Consumers deserve healthy platform competition, and data portability and interoperability can help achieve that. People should be able to stay connected to one another regardless of the platform they use. The decentralized web movement (in which Tim Berners Lee is also a leader) is an example of tech leaders who believe in competition by promoting protocols that enable interoperability between the platforms built on top of that protocol. This is what the world wide web was at its core, and is what innovators like Holochain and Nostr are currently building: a technological course correction for web 2.0 to web 3.0. Imagine how wonderful it would be to be a former #BlackTwitter user who moved to a platform with greater moderation of hate speech and election disinformation, but still able to message or communicate with your friends who never left X.com where moderation has slowed to a crawl? This is just one possible future that the decentralized web community is making possible.

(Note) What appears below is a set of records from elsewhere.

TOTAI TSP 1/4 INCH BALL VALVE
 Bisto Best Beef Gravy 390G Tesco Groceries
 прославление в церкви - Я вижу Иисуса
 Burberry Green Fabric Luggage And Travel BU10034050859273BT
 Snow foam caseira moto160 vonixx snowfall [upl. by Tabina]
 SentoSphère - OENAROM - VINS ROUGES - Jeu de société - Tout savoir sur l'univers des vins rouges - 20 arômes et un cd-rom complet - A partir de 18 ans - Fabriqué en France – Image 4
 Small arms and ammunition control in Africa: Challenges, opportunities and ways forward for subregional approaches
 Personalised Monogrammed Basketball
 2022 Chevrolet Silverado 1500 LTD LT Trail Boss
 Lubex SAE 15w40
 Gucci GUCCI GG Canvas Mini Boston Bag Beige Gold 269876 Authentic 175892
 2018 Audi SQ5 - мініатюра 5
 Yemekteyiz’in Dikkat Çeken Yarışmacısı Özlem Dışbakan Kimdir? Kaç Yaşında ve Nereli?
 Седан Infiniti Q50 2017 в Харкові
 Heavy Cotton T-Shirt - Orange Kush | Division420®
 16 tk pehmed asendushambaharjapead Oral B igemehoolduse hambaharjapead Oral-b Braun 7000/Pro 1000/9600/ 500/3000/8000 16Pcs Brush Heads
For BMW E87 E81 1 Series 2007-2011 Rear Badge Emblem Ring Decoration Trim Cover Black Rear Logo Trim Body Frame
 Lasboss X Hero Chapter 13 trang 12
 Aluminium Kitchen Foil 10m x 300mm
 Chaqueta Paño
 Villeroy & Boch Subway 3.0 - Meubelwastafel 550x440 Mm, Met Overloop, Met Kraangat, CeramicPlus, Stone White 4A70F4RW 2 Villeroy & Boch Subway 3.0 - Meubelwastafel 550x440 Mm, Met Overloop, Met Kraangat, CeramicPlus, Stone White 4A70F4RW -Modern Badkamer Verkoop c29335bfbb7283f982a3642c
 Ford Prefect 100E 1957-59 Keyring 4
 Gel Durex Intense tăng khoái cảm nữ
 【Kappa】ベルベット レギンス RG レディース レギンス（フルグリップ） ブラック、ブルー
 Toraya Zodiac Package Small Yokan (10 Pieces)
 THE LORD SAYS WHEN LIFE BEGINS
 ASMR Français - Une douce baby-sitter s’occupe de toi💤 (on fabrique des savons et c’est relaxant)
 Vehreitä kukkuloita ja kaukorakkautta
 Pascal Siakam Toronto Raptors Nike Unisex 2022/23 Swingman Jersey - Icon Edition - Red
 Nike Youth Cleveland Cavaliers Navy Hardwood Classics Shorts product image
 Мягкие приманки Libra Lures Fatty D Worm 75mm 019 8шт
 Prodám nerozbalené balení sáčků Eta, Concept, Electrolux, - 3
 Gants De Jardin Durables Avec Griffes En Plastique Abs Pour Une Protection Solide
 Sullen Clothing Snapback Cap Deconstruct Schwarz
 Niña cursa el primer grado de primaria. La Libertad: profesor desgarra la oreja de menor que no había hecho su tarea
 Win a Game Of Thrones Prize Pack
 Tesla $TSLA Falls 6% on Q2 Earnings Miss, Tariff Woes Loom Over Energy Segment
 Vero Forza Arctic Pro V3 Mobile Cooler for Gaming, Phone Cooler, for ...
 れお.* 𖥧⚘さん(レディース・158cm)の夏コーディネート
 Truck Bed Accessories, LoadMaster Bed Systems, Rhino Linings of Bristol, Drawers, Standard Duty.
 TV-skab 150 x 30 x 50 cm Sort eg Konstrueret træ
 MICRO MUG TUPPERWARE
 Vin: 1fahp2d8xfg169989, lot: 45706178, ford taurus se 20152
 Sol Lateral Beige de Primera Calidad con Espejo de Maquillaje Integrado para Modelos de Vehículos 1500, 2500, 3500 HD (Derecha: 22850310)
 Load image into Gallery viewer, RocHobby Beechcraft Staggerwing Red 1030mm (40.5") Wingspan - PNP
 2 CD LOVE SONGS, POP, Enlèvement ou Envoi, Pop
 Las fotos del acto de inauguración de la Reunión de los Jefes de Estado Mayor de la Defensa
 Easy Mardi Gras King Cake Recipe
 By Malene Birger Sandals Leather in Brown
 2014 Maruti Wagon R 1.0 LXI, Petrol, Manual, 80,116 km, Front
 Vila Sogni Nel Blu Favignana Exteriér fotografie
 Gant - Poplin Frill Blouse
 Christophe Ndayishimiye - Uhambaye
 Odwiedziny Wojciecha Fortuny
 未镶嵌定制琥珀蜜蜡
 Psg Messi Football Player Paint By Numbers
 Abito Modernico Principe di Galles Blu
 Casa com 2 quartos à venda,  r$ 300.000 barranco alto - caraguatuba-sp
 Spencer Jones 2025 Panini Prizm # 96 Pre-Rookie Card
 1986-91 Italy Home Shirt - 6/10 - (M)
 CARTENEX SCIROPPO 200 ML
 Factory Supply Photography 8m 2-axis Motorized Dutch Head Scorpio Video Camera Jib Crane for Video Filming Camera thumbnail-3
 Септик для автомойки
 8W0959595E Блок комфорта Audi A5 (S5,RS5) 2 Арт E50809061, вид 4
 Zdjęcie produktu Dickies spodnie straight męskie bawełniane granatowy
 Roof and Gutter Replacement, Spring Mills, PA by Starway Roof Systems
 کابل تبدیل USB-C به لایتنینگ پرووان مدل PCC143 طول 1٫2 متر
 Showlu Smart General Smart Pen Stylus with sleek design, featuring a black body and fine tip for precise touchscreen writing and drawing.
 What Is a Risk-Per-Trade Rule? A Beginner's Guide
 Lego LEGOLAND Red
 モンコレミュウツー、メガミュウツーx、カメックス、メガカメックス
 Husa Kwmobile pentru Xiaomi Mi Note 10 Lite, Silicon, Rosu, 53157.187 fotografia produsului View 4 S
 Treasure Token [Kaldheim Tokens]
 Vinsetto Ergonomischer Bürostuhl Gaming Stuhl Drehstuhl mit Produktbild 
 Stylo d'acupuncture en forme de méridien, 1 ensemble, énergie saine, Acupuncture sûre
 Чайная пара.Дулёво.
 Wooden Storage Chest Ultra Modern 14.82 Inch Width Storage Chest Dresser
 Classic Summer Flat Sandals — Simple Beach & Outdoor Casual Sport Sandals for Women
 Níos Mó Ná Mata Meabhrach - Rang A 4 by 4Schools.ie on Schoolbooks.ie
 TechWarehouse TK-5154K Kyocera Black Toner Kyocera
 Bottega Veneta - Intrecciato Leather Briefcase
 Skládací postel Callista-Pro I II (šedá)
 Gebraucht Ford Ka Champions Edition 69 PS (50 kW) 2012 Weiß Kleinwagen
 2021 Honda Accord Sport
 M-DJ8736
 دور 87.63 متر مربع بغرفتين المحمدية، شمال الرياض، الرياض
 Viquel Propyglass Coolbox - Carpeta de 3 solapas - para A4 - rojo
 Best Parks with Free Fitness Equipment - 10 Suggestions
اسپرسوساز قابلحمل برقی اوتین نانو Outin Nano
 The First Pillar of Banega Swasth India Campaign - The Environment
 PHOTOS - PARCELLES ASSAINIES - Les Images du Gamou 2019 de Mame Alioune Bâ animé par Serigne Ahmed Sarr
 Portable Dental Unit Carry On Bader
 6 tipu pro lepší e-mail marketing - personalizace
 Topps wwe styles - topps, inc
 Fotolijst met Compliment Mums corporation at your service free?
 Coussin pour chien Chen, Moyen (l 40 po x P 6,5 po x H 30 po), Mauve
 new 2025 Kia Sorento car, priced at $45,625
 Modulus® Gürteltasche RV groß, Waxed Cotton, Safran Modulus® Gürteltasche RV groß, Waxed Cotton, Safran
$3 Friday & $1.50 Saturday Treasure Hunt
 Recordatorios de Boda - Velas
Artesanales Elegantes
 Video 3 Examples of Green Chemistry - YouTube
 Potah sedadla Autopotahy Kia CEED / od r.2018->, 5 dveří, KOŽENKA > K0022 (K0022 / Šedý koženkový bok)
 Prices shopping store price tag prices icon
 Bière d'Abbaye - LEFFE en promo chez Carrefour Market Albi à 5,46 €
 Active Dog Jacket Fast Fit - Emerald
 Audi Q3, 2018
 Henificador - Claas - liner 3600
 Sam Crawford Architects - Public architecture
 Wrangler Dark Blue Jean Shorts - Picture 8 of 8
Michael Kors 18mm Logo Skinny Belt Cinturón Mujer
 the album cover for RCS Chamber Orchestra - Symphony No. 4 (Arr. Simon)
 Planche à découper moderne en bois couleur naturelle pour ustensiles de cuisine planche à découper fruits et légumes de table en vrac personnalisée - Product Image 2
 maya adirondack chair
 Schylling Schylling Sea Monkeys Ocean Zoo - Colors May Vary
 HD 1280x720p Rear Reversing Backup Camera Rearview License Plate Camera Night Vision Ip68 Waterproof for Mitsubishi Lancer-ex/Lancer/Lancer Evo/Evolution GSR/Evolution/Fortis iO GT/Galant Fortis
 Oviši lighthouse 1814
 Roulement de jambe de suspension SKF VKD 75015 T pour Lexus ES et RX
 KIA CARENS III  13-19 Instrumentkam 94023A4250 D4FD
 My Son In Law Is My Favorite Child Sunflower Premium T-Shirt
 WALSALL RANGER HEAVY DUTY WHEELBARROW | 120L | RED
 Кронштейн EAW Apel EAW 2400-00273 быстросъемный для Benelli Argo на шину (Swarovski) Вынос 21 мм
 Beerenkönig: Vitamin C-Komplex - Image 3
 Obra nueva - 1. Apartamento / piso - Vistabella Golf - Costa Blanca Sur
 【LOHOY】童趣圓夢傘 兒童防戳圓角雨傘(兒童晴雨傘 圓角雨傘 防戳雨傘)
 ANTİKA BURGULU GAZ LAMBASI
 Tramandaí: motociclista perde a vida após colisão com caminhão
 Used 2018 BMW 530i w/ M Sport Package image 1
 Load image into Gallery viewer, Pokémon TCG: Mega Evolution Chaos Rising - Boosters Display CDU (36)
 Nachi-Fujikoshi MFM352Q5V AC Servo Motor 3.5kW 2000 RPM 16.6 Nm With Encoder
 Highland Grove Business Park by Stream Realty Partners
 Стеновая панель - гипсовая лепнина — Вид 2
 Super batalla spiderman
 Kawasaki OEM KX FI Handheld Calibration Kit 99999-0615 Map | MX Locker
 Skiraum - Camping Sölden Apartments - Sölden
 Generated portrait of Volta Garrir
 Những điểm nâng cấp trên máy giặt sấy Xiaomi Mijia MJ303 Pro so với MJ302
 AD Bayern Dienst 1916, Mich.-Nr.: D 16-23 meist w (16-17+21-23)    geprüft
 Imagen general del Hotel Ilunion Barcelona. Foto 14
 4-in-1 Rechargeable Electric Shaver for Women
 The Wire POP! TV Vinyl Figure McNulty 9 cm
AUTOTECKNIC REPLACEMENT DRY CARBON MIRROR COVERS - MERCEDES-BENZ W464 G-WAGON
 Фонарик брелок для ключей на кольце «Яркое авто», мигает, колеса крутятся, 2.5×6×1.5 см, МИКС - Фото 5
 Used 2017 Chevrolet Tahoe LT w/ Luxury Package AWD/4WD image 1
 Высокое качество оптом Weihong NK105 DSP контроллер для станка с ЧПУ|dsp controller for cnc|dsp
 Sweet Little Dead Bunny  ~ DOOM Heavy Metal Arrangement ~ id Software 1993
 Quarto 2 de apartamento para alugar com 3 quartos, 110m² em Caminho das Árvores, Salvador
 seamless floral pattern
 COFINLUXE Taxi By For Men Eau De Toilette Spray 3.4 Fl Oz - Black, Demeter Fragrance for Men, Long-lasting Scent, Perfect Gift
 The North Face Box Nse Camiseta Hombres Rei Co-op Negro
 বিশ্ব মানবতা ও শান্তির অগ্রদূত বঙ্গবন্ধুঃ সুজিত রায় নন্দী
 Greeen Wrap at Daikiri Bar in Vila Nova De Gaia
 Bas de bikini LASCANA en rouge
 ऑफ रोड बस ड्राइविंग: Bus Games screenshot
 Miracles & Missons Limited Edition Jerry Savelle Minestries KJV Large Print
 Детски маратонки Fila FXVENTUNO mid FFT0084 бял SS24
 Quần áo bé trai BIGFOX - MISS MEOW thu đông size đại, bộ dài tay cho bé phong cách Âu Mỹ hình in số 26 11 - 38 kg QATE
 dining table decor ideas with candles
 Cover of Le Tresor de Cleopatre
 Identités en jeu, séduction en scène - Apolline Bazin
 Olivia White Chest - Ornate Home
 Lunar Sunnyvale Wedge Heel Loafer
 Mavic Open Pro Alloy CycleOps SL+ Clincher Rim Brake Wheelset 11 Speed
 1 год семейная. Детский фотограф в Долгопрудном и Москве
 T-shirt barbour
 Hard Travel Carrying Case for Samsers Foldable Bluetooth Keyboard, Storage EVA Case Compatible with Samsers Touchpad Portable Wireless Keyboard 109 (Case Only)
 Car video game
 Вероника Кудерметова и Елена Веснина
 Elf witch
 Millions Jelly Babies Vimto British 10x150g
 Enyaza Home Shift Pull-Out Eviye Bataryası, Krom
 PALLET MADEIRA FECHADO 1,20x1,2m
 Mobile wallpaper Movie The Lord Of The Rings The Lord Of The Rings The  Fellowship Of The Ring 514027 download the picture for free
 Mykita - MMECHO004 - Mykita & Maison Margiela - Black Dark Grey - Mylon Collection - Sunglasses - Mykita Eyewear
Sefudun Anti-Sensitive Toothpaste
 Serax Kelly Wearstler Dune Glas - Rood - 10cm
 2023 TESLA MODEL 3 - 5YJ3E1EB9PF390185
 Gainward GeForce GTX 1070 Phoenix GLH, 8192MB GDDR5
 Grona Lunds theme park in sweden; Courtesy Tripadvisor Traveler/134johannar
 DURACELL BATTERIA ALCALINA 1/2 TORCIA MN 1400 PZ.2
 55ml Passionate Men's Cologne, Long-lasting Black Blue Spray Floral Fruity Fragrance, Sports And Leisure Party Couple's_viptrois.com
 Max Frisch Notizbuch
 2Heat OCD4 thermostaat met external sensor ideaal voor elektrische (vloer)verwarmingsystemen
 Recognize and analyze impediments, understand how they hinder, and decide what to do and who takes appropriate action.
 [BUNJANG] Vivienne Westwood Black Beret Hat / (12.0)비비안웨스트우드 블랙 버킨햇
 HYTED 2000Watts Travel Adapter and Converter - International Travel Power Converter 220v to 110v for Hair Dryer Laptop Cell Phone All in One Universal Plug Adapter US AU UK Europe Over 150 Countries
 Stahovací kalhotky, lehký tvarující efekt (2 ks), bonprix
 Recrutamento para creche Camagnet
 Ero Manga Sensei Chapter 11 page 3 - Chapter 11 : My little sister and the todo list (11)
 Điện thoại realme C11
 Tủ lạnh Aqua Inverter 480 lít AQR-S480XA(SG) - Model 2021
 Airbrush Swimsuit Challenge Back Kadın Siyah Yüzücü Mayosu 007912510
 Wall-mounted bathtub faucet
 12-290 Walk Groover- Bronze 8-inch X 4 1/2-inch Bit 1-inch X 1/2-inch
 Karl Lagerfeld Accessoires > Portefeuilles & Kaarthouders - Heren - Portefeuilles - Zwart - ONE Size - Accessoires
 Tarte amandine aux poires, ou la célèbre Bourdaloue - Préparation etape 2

But as we have learned from dominant communications tools of the past, waiting for market corrections from small competitors to the dominant platforms is often not sufficient to create the competition (and resulting innovation) that consumers need. Sector-specific legislation and robust antitrust enforcement of digital platform markets can help that happen. Specifically, Congress needs to mandate platform interoperability with bills like the ‘‘Augmenting Compatibility and Competition by Enabling Service Switching Act (ACCESS),” which makes it easier for social media users to switch platforms, move their data, and continue to communicate with friends. Congress must also pass legislation that fosters healthy market competition, such as the “American Innovation and Choice Online Act (AICOA),” which prohibits large online platforms from discriminating against rivals and prevents self-preferencing. Lastly, Congress should create a sector-specific regulator for digital platforms, specifically one that is appropriately equipped to research and enforce against the consumer harms that people of all backgrounds experience due to digital platform consolidation. With these tools, all consumers will be able to benefit from an open internet filled with market options that suit their individual needs.